EXERCISE DIRECTIONS —
After locating the line with "Kayak and Snorkel", reproduce it and all following lines of the listing below exactly, stopping only at the final line.

SUPPLIED RECORDS —
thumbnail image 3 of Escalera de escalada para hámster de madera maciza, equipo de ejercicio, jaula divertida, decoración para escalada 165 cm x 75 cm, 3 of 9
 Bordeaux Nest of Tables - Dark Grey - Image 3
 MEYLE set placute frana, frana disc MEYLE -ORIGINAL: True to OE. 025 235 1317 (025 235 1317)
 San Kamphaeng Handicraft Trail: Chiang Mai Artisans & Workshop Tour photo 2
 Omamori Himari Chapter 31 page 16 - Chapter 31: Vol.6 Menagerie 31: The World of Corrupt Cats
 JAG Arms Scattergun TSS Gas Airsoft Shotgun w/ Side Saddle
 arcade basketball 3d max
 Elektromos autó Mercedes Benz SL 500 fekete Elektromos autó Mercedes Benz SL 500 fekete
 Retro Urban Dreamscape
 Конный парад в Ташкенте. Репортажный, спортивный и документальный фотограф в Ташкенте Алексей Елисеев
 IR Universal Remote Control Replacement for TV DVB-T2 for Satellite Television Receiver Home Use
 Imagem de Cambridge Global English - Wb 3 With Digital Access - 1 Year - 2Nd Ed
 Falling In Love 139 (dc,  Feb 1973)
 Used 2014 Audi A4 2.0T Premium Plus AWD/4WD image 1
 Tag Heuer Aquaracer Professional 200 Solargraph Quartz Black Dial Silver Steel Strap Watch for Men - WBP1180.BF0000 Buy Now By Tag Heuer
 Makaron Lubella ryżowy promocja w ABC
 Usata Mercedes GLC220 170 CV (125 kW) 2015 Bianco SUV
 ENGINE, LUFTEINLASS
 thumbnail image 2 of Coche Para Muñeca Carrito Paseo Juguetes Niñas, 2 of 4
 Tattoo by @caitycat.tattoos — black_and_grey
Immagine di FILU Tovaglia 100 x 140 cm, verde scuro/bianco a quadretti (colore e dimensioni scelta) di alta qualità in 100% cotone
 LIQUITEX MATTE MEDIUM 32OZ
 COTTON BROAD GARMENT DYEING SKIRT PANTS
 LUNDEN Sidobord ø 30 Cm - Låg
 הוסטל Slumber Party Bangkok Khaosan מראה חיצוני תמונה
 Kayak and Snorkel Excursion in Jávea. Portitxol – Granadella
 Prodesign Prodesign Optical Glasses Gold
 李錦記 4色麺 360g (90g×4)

RESPONSE TO THE TASK —
 Kayak and Snorkel Excursion in Jávea. Portitxol – Granadella
 Prodesign Prodesign Optical Glasses Gold
 李錦記 4色麺 360g (90g×4)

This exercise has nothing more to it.